How can I compare "To My Mother" by George Barker and "Father" by Elaine Feinstein? How are the two poems different and similar in language, style, and form? How do these aspects of the poems...
How can I compare "To My Mother" by George Barker and "Father" by Elaine Feinstein? How are the two poems different and similar in language, style, and form? How do these aspects of the poems contribute to each poet's portrayal of the parent figure? How do they link to the meaning and effect of the poems? How do they reflect a few relevant key traits of modern poetry?
The two poems have similar themes in that both are eulogizing a parent. It is obvious that both speakers have great love, affection, and respect for the subjects of their poems. Barker clearly displays these sentiments in the poem dedicated to his mother, and Feinstein likewise shares such sentiments about her father.
Barker's diction is somewhat more involved than Feinstein's more direct language. Feinstein's poem is also less complicated than Barker's, although the language in both pieces is fairly straightforward and simple. Barker's poem consists of two stanzas: the first constituting eight lines (octave) and the second six (sestet). The poem is written as an Italian (Petrarchan) sonnet. Each of the two stanzas focuses on a distinct idea. The first describes his mother and his sentiment, while the second carries a plea. Feinstein's poem consists of four quatrains, each relating to a particular aspect of her father.

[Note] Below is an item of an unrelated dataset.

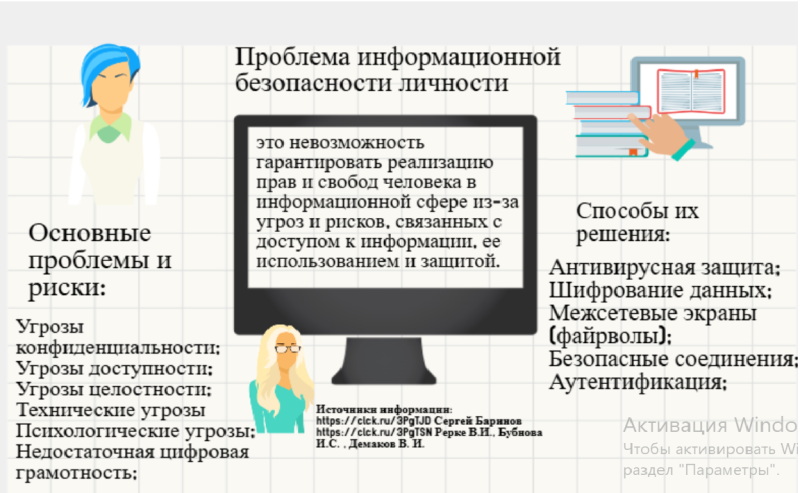 Файл:Белова инфографика.png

Barker's poem has a clear rhyme scheme, while Feinstein's has none. Feinstein's poem is written in free verse. It seems as if she, through such a structure, wishes to portray her father as a man unfettered by convention, a man dedicated to his task as a carpenter, and a man who laughed freely and provided her pleasure during her childhood by purchasing trout, unseasonal strawberries, and holidays in Switzerland. These acts enriched her life and metaphorically made her father a rich man.
Barker's use of rhyme and rhythm gives his piece a lyrical quality, which effectively adds tenor to the eulogistic nature of his writing. He employs repetition to accentuate the different sentiments he has about his mother. He repeats the word "most" to emphasize how emotionally close she is to him, and yet, paradoxically, she is also removed, perhaps in a physical sense. The poem conveys the image of someone larger than life. His allusion to the French Renaissance writer Rabelais confirms this since he was famous for his extraordinarily outrageous and honest writings and opinions. The mother is one who takes the lead, and her exuberant nature makes her "a procession." The implication is that she draws attention wherever she goes and none can outdo her in this regard; they can only follow in her wake "like a little dog following a brass band."

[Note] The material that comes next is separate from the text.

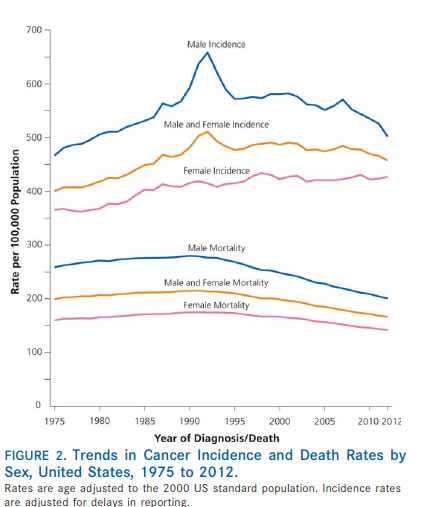 2016 Cancer Data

Conversely, the elementary nature of Feinstein's diction suggests no such grandiose claims about her father and, as already mentioned, depicts him as a straightforward, stubborn, and simple man who was quite direct in his contact with her aunts, whose advice and admonitions he stubbornly refused and resisted. His honesty and direct attitude did not need further discussion or explanation.

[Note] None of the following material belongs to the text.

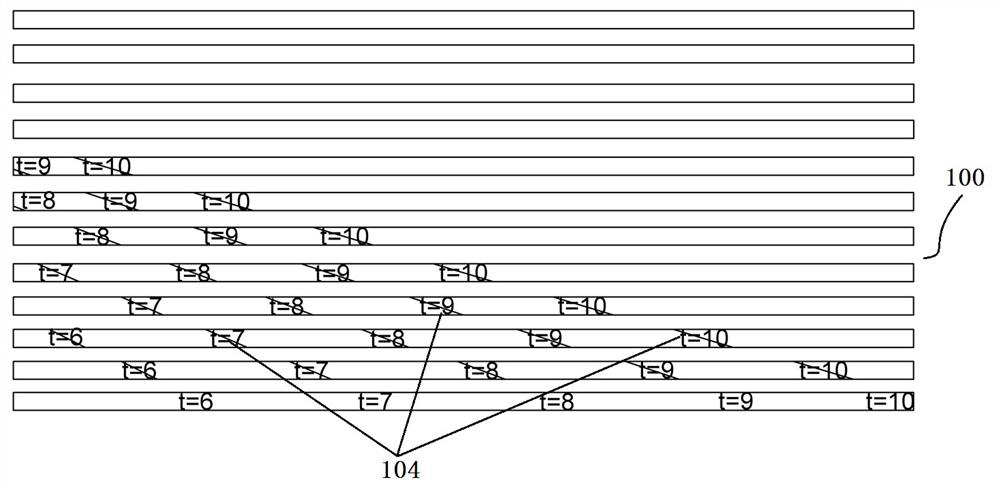 Translation calculation ruler and use method thereof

Feinstein is clearly proud of her uncomplicated father, and her description of him as "shabby and powerful as an old bus" conveys her admiration of his strength, even at age sixty, to persevere and continue doing what he loves most. No one is going to stop him.
Barker, in the second stanza of his poem, portrays his mother as, like Feinstein's father, stubborn. She is fearless and will not allow the arrival of bombers to make her drop her favorite cordial and rush down to a cellar for cover. She will "lean on the mahogany table like a mountain," suggesting the strength of her will. She is just as immovable as a mountain, and only faith can move her. Barker beautifully extends this simile to emphasize how he wishes to encourage his mother to believe that she should not grieve but face the next day knowing that he is safe. The use of "O" further stresses his plea that his mother should trust that he will be secure.
The speakers in both poems effectively convey the deep feelings they have for their parents, and the reader is satisfyingly left in no doubt that both poets have only the greatest love, respect, and admiration for them.